I'm attempting to use distinct for FLT.vehicle_no, but get the following from line 20:
16 proc sql;
17 create table InstallDate as
18 SELECT
19 FLT.vehicle_header,
20 distinct(FLT.vehicle_no),
21 FLT.occur_date,
22 FLT.FAULT_CODE,
23 FLT.FAULT_DESCRIPTION,
24 datepart(min(FLT.occur_date)) as sw_install_date format date9.
25 /*min(FLT.occur_date) as sw_install_date format dtdate9.*/
26 FROM RMDEOAP.GETS_DW_EOA_FAULTS FLT
27 WHERE
28 FLT.vehicle_header = 'NS' and
29 datepart(FLT.occur_date) between '01Sep2016'd and datetime()
30 /*FLT.occur_date between '25Jul2017:00:00'dt and datetime()*/
31 group by FLT.vehicle_no
32 ;
NOTE: No CMP or C functions found in library work.userfuncs.
ERROR: Function DISTINCT could not be located.

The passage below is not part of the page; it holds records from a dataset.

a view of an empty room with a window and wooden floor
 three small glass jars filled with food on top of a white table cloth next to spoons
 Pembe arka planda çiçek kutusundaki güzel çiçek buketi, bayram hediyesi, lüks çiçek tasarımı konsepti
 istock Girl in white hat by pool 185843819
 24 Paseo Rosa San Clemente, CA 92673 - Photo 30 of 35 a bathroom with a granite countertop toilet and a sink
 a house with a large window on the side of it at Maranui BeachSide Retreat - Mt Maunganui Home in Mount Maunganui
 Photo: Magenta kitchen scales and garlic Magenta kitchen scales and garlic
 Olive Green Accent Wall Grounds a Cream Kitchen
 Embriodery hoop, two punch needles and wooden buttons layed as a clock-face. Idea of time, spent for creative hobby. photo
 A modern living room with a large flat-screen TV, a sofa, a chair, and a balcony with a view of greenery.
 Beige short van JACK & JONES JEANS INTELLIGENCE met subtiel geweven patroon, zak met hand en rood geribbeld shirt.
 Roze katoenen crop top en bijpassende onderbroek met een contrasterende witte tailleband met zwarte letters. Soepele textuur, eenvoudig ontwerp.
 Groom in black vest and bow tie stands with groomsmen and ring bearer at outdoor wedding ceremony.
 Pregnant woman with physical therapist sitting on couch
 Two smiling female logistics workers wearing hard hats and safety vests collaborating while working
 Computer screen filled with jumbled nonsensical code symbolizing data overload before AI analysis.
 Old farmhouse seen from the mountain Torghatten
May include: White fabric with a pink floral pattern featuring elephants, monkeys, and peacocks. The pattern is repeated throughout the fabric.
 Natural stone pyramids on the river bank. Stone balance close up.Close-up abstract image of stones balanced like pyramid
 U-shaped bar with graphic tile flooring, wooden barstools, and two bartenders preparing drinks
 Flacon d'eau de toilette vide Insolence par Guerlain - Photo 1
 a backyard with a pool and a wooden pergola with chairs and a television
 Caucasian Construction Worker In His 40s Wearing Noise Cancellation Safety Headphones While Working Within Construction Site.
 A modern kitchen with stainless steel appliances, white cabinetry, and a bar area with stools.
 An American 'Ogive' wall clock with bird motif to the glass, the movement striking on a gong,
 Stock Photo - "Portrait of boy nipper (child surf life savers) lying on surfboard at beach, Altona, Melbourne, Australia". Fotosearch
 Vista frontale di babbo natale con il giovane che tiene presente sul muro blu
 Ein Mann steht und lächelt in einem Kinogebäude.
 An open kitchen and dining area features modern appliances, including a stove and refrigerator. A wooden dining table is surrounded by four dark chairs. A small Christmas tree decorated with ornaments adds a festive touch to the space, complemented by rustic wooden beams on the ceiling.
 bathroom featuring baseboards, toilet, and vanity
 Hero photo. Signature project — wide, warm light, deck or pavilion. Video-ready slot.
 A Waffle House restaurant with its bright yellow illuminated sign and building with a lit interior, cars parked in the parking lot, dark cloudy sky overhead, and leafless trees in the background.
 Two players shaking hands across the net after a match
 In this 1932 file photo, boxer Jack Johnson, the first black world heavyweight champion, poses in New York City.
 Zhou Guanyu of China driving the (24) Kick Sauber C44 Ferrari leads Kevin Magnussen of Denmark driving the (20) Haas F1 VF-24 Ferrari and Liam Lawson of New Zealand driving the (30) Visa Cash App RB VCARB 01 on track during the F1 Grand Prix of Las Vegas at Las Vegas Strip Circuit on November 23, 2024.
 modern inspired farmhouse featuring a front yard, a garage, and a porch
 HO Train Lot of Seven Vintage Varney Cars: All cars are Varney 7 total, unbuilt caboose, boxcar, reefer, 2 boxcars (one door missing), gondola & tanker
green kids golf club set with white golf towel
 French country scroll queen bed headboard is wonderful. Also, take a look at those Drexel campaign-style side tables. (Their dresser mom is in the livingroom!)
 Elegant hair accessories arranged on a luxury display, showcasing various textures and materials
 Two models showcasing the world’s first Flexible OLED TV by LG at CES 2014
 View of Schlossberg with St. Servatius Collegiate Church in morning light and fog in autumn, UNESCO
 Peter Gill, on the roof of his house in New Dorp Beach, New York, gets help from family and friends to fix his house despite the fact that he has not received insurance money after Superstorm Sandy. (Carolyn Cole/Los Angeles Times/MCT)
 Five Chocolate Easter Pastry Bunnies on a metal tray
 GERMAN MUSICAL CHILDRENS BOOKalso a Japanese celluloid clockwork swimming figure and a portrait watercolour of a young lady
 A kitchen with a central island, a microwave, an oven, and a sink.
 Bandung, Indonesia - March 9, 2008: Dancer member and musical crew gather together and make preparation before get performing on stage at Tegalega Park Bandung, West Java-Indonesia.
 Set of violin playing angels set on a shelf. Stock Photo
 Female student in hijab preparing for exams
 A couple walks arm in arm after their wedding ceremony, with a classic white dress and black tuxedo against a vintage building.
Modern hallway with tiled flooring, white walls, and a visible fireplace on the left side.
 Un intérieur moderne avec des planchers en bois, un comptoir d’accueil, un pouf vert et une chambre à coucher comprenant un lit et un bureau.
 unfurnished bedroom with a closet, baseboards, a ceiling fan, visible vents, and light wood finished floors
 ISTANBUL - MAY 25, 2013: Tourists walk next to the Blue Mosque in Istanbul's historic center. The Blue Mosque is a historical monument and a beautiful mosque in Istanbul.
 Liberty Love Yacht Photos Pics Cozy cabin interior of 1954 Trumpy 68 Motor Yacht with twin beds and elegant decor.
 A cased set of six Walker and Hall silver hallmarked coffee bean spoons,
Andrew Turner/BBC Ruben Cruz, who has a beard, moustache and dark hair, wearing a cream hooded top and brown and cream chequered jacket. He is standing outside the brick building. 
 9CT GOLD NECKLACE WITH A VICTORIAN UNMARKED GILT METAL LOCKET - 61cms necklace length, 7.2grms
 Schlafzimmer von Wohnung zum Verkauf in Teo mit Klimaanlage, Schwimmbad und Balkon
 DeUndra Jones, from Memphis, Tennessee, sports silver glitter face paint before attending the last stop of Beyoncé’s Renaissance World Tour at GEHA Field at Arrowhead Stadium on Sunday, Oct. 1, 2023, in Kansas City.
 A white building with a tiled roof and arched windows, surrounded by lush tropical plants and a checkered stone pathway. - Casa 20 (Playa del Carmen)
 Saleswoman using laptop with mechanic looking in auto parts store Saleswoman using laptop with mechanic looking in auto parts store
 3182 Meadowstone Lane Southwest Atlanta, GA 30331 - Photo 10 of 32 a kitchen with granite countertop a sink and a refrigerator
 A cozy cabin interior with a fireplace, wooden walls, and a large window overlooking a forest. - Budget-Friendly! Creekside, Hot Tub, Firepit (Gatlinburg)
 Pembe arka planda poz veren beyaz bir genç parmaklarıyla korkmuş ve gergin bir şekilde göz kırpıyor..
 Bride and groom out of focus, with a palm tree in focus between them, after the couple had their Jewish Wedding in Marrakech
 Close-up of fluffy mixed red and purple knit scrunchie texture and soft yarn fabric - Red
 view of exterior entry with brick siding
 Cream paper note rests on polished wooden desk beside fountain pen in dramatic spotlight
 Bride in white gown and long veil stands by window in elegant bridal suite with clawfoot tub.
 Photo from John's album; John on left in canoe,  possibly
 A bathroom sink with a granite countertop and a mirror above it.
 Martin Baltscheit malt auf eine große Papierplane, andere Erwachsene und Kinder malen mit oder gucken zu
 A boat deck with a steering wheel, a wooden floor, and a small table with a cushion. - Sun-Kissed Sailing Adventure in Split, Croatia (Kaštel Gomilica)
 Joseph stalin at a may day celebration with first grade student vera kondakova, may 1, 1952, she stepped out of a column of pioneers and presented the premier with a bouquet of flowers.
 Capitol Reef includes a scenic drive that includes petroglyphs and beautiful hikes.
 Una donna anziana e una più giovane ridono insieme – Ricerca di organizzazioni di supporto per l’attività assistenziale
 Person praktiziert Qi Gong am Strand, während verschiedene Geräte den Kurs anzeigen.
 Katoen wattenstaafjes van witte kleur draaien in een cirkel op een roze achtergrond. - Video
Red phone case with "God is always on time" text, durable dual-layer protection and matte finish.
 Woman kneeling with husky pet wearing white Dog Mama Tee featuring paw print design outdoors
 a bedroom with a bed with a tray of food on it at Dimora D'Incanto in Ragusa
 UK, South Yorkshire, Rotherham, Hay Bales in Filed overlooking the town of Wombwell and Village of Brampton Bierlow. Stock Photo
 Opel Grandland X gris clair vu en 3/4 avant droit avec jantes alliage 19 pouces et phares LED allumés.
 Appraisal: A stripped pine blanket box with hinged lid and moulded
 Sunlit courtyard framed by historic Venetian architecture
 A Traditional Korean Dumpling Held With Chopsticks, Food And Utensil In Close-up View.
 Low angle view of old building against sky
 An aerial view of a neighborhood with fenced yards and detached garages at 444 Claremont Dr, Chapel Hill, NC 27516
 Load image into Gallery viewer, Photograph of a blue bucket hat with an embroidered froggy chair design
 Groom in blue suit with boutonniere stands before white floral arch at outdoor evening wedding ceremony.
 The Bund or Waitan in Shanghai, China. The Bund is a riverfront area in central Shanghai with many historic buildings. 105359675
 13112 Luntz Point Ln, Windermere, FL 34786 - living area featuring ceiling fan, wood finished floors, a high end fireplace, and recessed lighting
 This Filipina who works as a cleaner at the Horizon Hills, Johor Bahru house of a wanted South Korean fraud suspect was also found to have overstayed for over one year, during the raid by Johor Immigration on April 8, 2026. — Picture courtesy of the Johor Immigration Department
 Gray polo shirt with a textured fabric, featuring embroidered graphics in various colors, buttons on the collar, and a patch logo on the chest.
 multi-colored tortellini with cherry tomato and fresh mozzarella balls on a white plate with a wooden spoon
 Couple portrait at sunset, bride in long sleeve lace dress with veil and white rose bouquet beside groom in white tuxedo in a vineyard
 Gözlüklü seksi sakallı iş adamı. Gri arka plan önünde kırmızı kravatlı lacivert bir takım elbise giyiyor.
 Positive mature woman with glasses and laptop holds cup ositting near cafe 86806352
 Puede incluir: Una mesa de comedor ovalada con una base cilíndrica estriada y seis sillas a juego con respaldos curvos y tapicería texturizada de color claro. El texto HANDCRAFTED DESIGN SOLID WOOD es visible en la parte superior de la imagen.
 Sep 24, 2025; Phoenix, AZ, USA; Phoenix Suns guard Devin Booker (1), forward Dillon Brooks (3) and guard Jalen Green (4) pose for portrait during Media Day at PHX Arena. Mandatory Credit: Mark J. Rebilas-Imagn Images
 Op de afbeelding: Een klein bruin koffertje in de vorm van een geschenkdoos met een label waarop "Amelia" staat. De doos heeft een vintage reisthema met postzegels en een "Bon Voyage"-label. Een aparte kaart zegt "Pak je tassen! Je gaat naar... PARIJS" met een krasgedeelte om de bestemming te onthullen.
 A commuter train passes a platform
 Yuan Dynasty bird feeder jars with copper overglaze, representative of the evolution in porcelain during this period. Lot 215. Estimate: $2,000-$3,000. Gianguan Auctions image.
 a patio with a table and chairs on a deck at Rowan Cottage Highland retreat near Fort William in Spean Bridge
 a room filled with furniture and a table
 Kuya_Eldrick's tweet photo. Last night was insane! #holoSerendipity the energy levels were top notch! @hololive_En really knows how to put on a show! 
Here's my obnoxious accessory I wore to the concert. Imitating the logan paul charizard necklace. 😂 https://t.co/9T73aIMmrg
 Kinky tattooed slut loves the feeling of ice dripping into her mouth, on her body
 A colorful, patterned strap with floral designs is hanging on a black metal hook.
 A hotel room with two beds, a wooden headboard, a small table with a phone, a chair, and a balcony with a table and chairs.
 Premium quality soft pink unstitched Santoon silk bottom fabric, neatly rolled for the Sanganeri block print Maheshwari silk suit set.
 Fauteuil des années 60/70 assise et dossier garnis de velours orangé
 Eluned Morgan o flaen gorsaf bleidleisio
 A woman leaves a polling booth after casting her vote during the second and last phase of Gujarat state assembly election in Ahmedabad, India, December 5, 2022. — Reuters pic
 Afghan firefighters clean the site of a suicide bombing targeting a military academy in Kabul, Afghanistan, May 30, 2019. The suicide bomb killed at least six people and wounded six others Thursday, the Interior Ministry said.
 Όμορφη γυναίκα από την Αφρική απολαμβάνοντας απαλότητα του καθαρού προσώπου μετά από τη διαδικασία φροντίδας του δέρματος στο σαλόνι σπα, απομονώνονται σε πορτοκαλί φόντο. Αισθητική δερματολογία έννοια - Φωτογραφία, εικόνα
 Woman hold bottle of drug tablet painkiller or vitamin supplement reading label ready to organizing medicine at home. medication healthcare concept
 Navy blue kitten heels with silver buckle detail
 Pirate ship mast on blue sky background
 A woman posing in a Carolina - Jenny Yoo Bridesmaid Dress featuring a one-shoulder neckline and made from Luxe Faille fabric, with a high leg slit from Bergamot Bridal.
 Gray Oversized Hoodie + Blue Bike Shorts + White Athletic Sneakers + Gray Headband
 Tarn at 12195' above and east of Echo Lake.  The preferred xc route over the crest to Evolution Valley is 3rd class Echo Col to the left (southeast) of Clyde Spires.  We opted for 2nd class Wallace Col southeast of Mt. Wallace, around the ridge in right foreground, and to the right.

If you only want one observation per VEHICLE_NO then tell SQL that.
proc sql;
create table InstallDate as
SELECT FLT.vehicle_no,
, min(FLT.occur_date) as sw_install_date format dtdate9
FROM RMDEOAP.GETS_DW_EOA_FAULTS FLT
WHERE FLT.vehicle_header = 'NS'
and datepart(FLT.occur_date) between '01Sep2016'd and today()
group by FLT.vehicle_no
;
quit;
You can add other variables, but if they are not 1 to 1 with VEHICLE_NO then they will cause you to get more observations.
In particular if you add variables that are neither listed in the GROUP BY clause or are aggregate functions like MIN() then SAS will happlily remerge your aggregate variables back onto all of the input data and return that.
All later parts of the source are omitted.